Oral Presentation 24th Annual Lorne Proteomics Symposium 2019

Universal Solid-Phase Protein Preparation (USP3) for high-throughput clinical proteomics (#57)

Laura F Dagley 1 2 , Giuseppe Infusini 1 2 , Andrew I Webb 1 2
  1. The Walter and Eliza Hall Institute of Medical Research, Parkville, VIC, Australia
  2. Department of Medical Biology, University of Melbourne, Parkville, VIC, Australia

Selecting a sample preparation strategy for mass spectrometry-based proteomics is critical to the success of quantitative workflows, especially in the context of large clinical cohorts of patient samples where accuracy and reproducibility are of paramount importance. The factors that dictate the overall utility of sample preparation methodologies are balanced between efficiency, sensitivity and robustness versus speed, scalability and flexibility. Here we present a universal, solid-phase protein preparation (USP3) method which is rapid, robust and scalable, facilitating high-throughput protein sample preparation for bottom-up mass spectrometry (MS) analysis.

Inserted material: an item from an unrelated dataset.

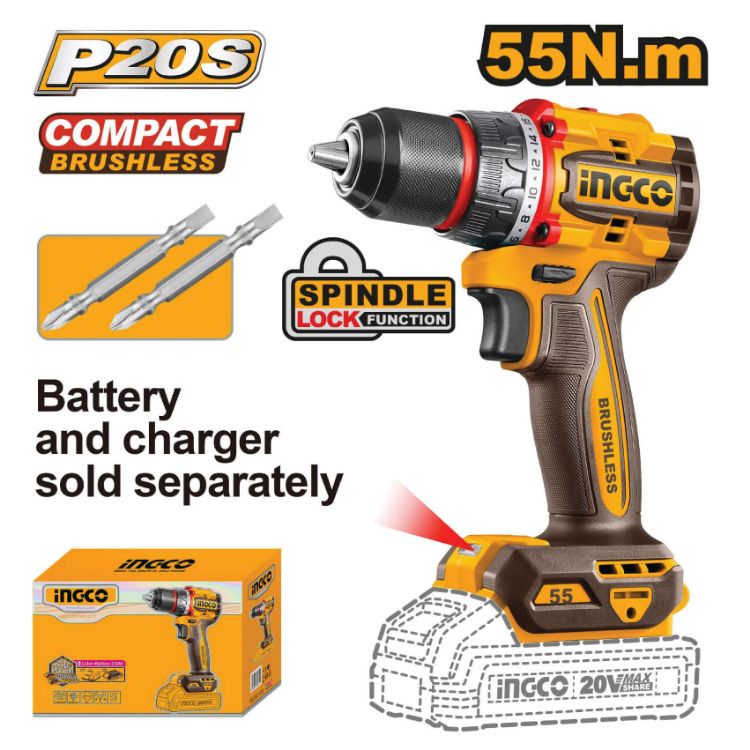 Picture of DRILL DRIVER (INGCO) 20V 55NM B/LESS SOLO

We have demonstrated the utility of the USP3 workflow in a patient cohort of children diagnosed with acute rheumatic fever and rheumatic heart disease, conditions which are highly prevalent in indigenous populations of Oceanian countries, including Australia. We obtained neat plasma and serum samples from children diagnosed with these conditions from ethnically-diverse populations including plasma samples from the Northern Territory of Australia (n=48; 26 ARF, 3 RHD, 7 healthy controls, 12 alternative diagnoses), serum samples from Fiji (n= 38; 9 ARF, 12 RHD, 17 healthy controls) and serum samples from New Caledonia (n=38; 28 ARF, 10 healthy controls). Neat plasma/serum samples were subjected to on-bead digestion (USP3 method) followed by high-resolution MS analysis on a Bruker Impact II UHR-QTOF instrument. An in-house developed XIC-based feature detection method was then used for MS1-based peptide quantification. To determine the most relevant peptides that can be developed into liquid-biopsy signatures, we employed a Random-forest based machine-learning algorithm. Utilising this machine learning approach, we identified a set of statistically-relevant peptide signatures that distinguish between patients with ARF from all other patient groups. A number of these peptides are unique to the Australian cohort whilst there are others that consistently stratify the patient groups across the diverse genetic ancestries. Efforts are now underway to translate these findings into a rapid clinical diagnostic test using the Noviplex™ Plasma Prep cards, with initial feasibility studies resulting in the identification of ~360 unique proteins from single-shot MS analyses.